Eric,
1) if you want high concentration of electrons, you can have a few dozens of them in a large atom - does increasing Z make LENR more probable?
These electrons effectively screen the charge of nucleus down to zero ... but only asymptotically (and electric dipole/qudrupole/octupole may remain). While getting really close, this screening drops down to zero ( https://en.wikipedia.org/wiki/Shell_theorem ) - making essential only the single electron which remains between the two nuclei.
Anions can have stronger screening, but again only asymptotically - it doesn't help when the two nuclei are really close.
Electron concentration might be helpful in some initial stage, but the most of assistance is required in the final state - when the nuclei approach ~10^-15m distance so that nuclear force could take from here - in such distances there is just no place for a second electron due to tiny mass and huge Coulomb force.
2) Applying external magnetic or electric field perturbs the dynamical equilibrium (Zeeman, Stark). Classically, the electron orbits became a bit shifted, and Gryzinski claims nearly perfect agreement for such calculations of diamagnetic properties ( http://www.sciencedirect.com/s…icle/pii/0304885387903337 for He, Ne, Ar, NaCl, KCl and CaCl2).

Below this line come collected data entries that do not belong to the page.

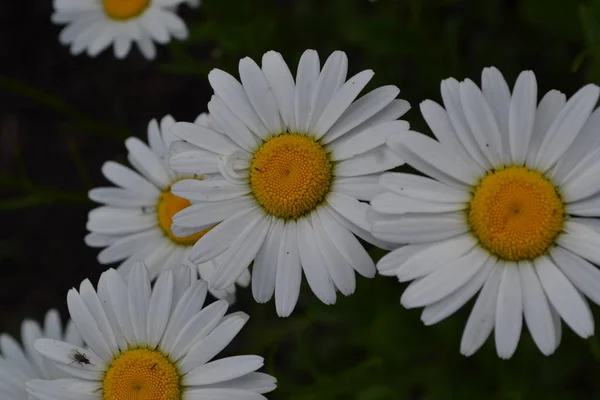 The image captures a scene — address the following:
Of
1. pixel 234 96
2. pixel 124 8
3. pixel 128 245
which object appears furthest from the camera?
pixel 124 8

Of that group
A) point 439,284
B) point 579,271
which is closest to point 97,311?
point 439,284

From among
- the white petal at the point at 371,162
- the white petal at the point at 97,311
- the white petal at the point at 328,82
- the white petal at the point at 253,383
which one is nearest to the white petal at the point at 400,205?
the white petal at the point at 371,162

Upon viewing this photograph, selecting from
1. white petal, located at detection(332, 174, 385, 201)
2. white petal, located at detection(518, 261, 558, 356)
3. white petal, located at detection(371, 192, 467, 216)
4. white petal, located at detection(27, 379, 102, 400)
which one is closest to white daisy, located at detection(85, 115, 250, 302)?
white petal, located at detection(27, 379, 102, 400)

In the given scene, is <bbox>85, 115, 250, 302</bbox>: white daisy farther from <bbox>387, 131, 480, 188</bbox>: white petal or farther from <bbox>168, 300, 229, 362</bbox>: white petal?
<bbox>387, 131, 480, 188</bbox>: white petal

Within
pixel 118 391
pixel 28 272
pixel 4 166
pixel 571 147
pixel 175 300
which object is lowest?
pixel 118 391

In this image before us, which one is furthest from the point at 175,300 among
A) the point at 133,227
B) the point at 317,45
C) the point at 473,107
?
the point at 317,45

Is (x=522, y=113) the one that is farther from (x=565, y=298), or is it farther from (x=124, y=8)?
(x=124, y=8)

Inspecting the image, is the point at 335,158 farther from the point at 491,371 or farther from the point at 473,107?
the point at 491,371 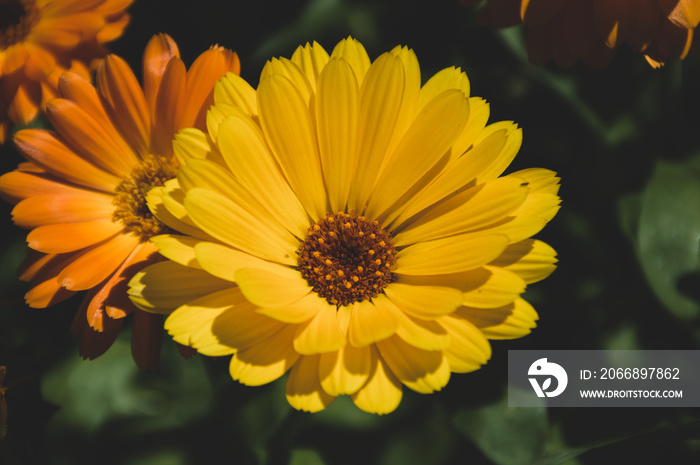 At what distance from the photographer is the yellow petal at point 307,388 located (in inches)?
34.2

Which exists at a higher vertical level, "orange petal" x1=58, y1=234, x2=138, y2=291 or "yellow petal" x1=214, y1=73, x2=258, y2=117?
"yellow petal" x1=214, y1=73, x2=258, y2=117

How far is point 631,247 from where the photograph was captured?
146cm

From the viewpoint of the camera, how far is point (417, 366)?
881mm

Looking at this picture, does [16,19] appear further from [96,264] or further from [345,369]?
[345,369]

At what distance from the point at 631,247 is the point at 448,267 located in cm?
73

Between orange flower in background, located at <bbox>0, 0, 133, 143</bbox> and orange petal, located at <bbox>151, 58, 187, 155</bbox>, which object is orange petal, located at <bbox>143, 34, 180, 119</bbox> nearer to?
orange petal, located at <bbox>151, 58, 187, 155</bbox>

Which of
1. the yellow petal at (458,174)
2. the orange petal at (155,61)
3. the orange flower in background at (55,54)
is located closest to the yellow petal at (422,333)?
the yellow petal at (458,174)

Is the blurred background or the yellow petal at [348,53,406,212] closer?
the yellow petal at [348,53,406,212]

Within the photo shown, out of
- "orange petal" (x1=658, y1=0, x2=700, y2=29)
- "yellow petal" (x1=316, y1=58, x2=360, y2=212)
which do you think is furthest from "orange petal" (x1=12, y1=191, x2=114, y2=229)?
"orange petal" (x1=658, y1=0, x2=700, y2=29)

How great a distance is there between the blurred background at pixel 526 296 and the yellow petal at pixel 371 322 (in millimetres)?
320

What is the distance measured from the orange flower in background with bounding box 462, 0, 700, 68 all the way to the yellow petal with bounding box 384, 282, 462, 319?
22.4 inches

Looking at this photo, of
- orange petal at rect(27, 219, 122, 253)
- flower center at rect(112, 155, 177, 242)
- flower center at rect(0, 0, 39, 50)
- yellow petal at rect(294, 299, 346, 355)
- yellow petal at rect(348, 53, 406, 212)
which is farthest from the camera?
flower center at rect(0, 0, 39, 50)

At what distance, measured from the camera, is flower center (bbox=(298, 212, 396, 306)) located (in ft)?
3.76

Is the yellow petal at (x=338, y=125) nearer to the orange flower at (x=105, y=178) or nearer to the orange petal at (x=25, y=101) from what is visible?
the orange flower at (x=105, y=178) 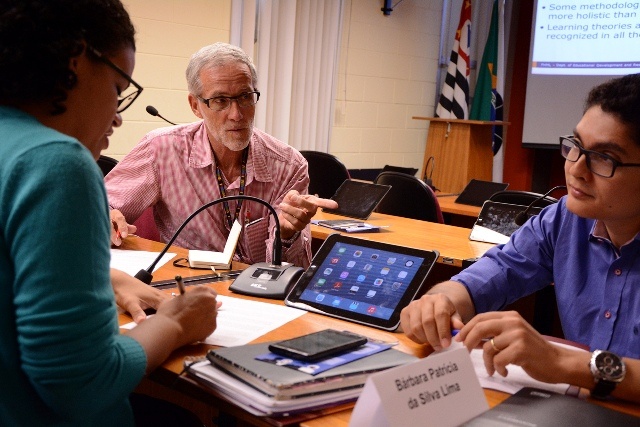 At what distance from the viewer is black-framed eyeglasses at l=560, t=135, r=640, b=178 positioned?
1482mm

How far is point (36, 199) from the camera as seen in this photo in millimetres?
906

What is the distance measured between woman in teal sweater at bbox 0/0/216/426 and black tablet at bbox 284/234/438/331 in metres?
0.57

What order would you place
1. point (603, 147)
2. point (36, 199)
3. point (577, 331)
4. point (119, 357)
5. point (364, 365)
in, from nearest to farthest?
point (36, 199) → point (119, 357) → point (364, 365) → point (603, 147) → point (577, 331)

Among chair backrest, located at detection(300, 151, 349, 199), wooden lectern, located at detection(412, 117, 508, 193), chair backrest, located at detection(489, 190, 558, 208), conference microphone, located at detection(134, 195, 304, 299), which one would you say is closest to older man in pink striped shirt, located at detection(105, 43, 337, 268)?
conference microphone, located at detection(134, 195, 304, 299)

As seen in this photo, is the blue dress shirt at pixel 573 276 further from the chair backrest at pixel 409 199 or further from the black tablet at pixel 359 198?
the chair backrest at pixel 409 199

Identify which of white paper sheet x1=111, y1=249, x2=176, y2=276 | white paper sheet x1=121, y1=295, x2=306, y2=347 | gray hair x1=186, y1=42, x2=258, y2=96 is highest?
gray hair x1=186, y1=42, x2=258, y2=96

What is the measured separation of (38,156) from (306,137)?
171 inches

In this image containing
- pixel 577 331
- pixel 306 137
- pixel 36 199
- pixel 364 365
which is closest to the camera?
pixel 36 199

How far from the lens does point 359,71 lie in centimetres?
560

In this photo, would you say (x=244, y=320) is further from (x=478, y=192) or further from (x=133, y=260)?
(x=478, y=192)

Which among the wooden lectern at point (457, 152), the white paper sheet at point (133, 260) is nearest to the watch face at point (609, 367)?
the white paper sheet at point (133, 260)

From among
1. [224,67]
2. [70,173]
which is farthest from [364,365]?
[224,67]

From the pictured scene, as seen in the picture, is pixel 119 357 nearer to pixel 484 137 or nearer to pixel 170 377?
pixel 170 377

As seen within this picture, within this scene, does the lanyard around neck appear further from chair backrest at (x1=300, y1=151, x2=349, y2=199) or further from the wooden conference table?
chair backrest at (x1=300, y1=151, x2=349, y2=199) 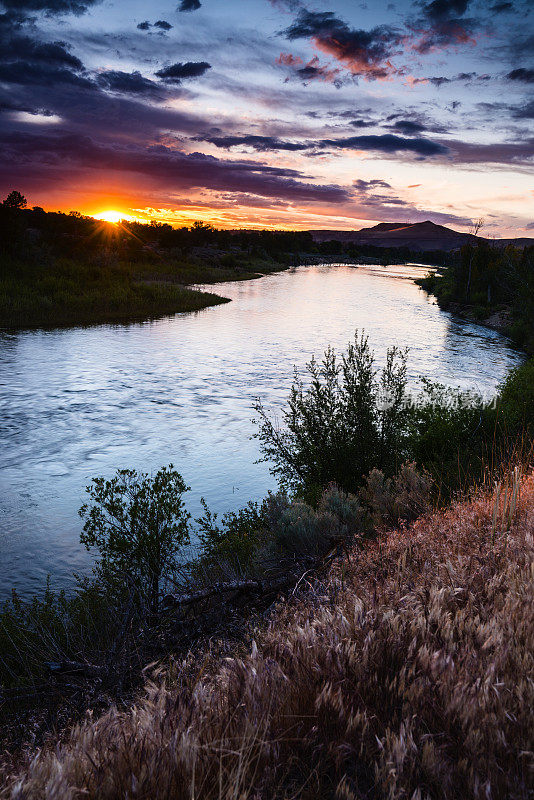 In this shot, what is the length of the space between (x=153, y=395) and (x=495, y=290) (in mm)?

Anyway, we are talking here about eV-scale of changes - very far from the required for nuclear transitions.
3,4) I see you are talking about more general LENR, while I was thinking about the ones finally leading to excess energy - not from radioactive isotopes or fission.
Neglecting situations with 782keVs for going through neutron, such excess energy requires crossing the Coulomb barrier - what, if true, requires electron staying between the nuclei for a sufficient time.
Electron concentration, high energy electrons, external field applied, van der Waals force etc. might have some influence on the initial state.
But the energy of Coulomb barrier is 1/r: crossing the last femtometers require more energy than getting to 10fm distance - this final state is the most crucial, and electron between the two nuclei seems the only factor which could really help.